Сущинский зря меня умирать уговаривает, мы с ним ещё встретимся, хотя страшного впереди много. Жалко, что он мне перестал писать.

Видел как-то во сне Занозина, два кубика на петлицах и пушки, его провожали на фронт. Было много людей, и все смеялись и радовались. Я сидел, глядел на эти пушки и думал, а чему так радоваться, ведь он едет, возможно, на смерть.

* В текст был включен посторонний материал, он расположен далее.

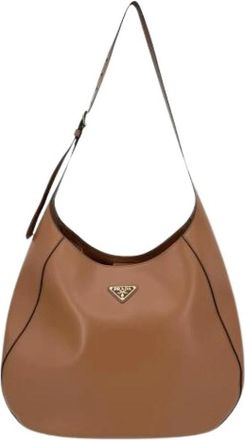 Prada Pre-owned Vintage Schoudertas - Dames - Vintage Schoudertas - Bruin - ONE Size - Leer - Vintage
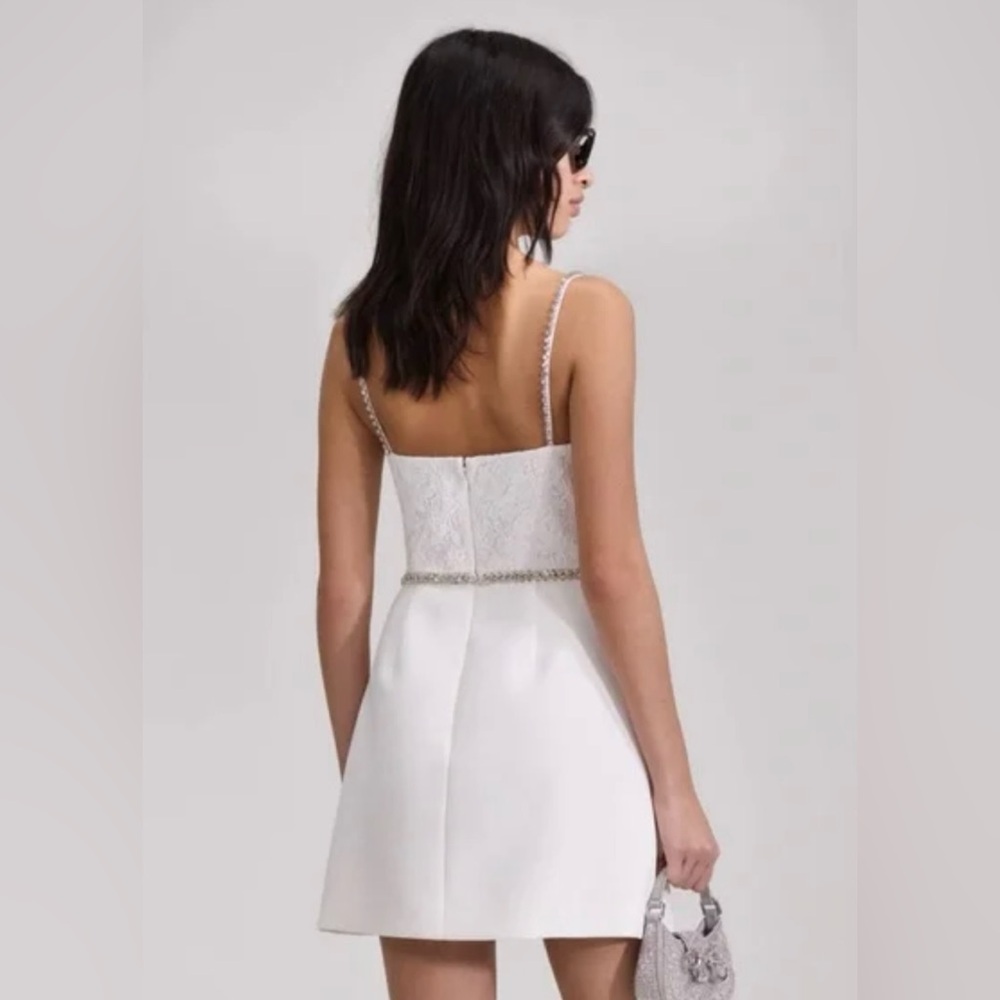 NWT US4 Self-Portrait White Lace Bodice Mini Dress - Picture 5 of 11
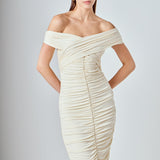 Ruched Bodycon Midi Dress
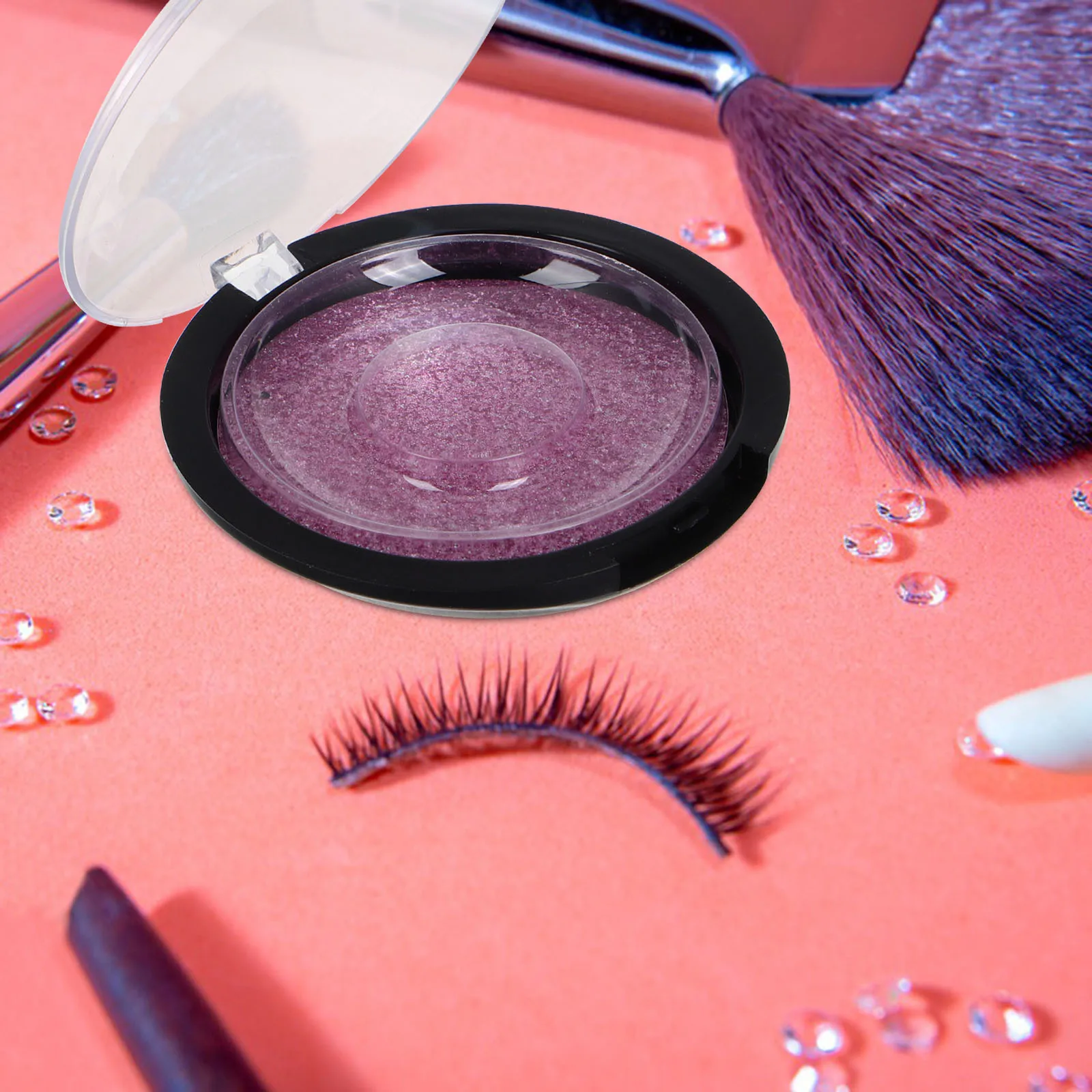 

5Pcs False Eyelash Storage Box Compact Round Lash Packaging Case Clear Lid Portable Travel Lash Container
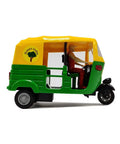 Ace Handcrafted Miniature Auto Rickshaw Desk Model Sporting Vivid Yellow And Green Finish As A Vintage Tuk Tuk Collectible Showpiece for home decor.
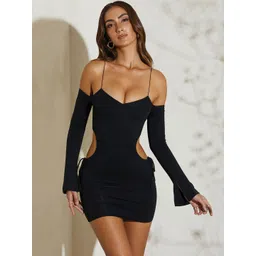 VANGULL Women Shoulder Straps Cold-Shoulder Bodycon Mini Dress-picture-33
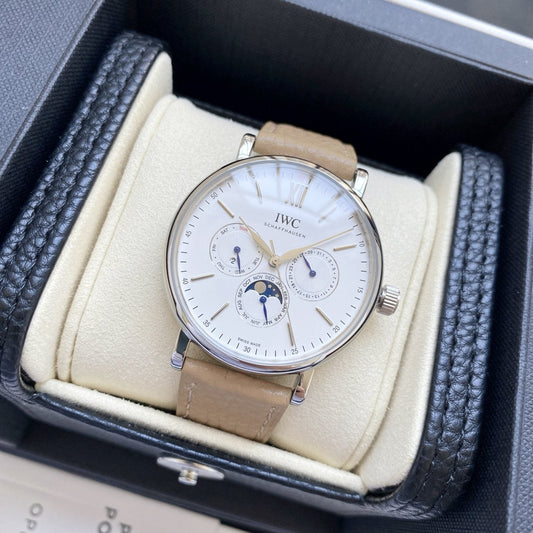 IWC Silver White Dial Leather Strap Watch — hero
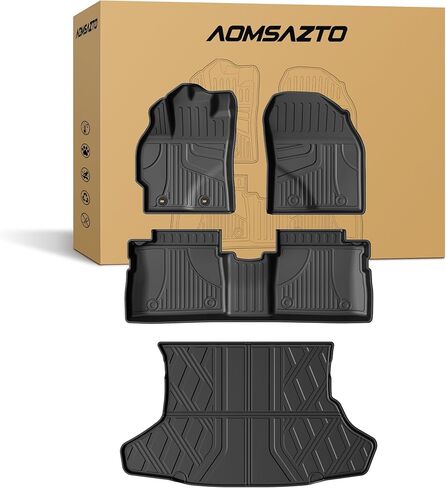 AOMSAZTO Floor Mats & Cargo Liner Compatible with 2010-2015 Toyota Prius (Not Fit Plug-in, V or C Models): All Weather Protection Anti-Slip Automotive Floor Liners Cargo Mat Full Set, Black in Kuwait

А помнишь, как весело провожали меня?

Тася, ты пишешь о людишках, о той сволочи, что бронью прикрывается, о них говорить не будем. Пусть они выиграют жизнь, но ведь это не по-русски, а быть горьковским ужом или салтыковским пескарём – незавидная участь. Жалко, Лёля попал в эту грязную компанию, скажи ему, что он русский, настоящий, с большой душой, но сюда пусть не попадает, ему будет очень тяжело.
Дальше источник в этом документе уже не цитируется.